_Problem statement_
Copy out the data line by line exactly, from its start to the line bearing "Seating for eight", inclusive.

_Data records_
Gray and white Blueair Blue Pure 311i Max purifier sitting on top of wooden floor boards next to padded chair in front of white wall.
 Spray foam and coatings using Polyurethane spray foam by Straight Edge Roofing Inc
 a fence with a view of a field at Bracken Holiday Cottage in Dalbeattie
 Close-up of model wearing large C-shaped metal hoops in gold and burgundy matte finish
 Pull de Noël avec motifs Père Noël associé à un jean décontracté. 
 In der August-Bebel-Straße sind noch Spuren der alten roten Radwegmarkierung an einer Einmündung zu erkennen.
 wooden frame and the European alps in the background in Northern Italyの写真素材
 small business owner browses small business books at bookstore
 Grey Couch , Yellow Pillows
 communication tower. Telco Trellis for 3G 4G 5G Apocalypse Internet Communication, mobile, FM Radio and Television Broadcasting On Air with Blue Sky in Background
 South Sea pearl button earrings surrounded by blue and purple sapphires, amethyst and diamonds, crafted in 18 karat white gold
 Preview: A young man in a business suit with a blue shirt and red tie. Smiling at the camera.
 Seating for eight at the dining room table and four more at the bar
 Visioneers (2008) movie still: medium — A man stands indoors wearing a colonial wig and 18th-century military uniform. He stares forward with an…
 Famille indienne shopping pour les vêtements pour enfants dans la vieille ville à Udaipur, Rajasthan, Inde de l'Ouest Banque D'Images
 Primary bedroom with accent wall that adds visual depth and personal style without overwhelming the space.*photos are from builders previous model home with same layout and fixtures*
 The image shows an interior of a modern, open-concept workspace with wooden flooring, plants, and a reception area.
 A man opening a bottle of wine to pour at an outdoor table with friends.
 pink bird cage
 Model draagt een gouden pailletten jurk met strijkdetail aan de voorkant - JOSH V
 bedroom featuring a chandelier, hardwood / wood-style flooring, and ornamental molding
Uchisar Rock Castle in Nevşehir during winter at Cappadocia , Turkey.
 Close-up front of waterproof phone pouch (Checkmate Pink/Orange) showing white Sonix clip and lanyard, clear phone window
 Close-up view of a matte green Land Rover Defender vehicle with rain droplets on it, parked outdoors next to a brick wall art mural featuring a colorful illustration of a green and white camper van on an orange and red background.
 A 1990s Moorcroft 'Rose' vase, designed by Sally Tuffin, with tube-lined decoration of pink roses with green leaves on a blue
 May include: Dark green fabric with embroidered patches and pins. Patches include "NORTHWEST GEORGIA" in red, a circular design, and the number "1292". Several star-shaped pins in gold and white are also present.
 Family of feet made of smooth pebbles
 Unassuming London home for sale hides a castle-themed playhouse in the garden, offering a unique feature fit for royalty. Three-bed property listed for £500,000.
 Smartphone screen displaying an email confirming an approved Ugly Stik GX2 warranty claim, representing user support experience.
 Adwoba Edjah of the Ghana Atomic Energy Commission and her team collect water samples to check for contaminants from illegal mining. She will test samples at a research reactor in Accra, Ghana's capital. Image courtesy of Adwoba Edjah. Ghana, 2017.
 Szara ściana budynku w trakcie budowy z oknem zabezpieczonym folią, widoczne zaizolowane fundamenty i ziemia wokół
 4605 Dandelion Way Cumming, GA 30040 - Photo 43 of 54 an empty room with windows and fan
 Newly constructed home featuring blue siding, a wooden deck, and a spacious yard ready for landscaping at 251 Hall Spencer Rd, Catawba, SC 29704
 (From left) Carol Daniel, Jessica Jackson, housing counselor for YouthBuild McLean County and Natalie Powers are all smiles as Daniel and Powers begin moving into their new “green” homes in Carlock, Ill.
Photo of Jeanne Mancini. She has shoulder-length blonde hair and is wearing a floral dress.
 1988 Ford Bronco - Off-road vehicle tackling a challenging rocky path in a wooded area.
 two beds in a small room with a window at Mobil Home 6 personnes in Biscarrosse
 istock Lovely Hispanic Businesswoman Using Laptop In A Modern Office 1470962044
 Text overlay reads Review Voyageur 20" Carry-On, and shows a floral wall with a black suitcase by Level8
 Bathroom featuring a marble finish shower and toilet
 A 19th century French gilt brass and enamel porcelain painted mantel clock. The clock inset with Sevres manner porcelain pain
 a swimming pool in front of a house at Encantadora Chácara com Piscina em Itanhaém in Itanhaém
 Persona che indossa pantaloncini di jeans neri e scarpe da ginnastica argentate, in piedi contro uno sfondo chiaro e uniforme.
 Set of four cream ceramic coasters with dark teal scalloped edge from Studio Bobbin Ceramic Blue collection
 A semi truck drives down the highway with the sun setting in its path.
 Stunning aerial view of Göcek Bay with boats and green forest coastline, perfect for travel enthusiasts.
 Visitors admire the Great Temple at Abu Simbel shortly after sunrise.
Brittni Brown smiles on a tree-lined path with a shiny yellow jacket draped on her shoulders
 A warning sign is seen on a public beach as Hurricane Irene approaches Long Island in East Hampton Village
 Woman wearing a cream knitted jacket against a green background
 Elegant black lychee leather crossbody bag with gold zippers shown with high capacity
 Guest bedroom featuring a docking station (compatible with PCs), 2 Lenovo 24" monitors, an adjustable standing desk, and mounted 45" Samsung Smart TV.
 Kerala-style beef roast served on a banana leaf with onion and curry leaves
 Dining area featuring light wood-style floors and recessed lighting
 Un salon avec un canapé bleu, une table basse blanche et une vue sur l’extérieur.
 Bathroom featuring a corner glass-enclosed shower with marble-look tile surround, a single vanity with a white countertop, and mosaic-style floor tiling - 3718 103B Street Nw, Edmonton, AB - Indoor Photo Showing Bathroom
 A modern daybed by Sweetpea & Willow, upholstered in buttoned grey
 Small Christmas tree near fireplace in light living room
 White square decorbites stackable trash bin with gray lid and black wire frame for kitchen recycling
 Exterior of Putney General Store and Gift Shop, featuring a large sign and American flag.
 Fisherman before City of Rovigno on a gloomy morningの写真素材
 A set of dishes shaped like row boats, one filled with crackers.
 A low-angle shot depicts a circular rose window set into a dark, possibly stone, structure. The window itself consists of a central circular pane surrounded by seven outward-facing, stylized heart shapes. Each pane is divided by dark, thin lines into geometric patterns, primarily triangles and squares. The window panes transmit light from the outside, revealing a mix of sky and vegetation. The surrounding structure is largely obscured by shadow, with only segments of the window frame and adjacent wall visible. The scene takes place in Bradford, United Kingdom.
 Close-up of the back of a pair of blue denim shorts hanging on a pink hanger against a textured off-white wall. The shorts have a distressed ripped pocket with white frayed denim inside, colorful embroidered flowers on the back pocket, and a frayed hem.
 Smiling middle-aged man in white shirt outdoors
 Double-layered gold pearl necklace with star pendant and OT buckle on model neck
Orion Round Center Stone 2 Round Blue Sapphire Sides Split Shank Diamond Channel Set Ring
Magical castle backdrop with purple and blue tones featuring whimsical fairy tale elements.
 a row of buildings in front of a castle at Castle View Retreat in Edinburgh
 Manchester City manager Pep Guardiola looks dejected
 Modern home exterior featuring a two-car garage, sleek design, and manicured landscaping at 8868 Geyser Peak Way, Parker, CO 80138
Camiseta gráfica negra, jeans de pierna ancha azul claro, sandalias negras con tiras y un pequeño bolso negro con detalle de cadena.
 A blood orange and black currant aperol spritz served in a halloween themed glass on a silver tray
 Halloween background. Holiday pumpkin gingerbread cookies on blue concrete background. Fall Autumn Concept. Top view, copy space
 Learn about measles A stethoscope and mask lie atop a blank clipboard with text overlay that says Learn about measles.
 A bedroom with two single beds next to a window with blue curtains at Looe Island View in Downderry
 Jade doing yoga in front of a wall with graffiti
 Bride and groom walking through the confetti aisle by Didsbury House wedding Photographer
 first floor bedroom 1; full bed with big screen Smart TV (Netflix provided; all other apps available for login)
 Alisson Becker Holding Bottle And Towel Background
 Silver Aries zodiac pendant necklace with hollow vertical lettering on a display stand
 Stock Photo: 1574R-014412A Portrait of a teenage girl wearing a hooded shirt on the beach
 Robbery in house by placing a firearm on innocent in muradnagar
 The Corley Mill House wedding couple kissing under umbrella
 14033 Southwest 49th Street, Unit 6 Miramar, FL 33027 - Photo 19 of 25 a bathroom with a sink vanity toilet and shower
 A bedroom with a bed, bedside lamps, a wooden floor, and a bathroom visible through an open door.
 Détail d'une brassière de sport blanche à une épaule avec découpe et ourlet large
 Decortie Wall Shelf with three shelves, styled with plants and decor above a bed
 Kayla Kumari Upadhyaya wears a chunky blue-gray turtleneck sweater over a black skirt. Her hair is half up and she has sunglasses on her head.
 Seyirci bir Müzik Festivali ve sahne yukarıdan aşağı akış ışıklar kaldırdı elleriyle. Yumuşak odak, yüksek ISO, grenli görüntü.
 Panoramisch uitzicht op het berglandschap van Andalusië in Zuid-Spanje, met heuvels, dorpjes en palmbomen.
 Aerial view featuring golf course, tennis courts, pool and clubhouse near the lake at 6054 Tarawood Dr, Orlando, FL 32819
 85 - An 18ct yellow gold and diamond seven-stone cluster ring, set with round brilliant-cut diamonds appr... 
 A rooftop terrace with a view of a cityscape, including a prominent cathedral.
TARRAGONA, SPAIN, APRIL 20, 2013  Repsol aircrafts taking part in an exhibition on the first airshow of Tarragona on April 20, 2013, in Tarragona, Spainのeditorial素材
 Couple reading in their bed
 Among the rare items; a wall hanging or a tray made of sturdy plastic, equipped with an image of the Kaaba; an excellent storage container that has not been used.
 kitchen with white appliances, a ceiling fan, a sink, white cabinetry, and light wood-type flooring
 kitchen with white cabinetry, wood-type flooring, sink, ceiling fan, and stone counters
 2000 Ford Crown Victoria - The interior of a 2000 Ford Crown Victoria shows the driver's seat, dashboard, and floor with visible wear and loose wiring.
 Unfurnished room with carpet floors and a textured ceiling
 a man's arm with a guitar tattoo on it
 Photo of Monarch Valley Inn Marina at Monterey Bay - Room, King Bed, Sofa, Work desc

_Expected output_
Gray and white Blueair Blue Pure 311i Max purifier sitting on top of wooden floor boards next to padded chair in front of white wall.
 Spray foam and coatings using Polyurethane spray foam by Straight Edge Roofing Inc
 a fence with a view of a field at Bracken Holiday Cottage in Dalbeattie
 Close-up of model wearing large C-shaped metal hoops in gold and burgundy matte finish
 Pull de Noël avec motifs Père Noël associé à un jean décontracté. 
 In der August-Bebel-Straße sind noch Spuren der alten roten Radwegmarkierung an einer Einmündung zu erkennen.
 wooden frame and the European alps in the background in Northern Italyの写真素材
 small business owner browses small business books at bookstore
 Grey Couch , Yellow Pillows
 communication tower. Telco Trellis for 3G 4G 5G Apocalypse Internet Communication, mobile, FM Radio and Television Broadcasting On Air with Blue Sky in Background
 South Sea pearl button earrings surrounded by blue and purple sapphires, amethyst and diamonds, crafted in 18 karat white gold
 Preview: A young man in a business suit with a blue shirt and red tie. Smiling at the camera.
 Seating for eight at the dining room table and four more at the bar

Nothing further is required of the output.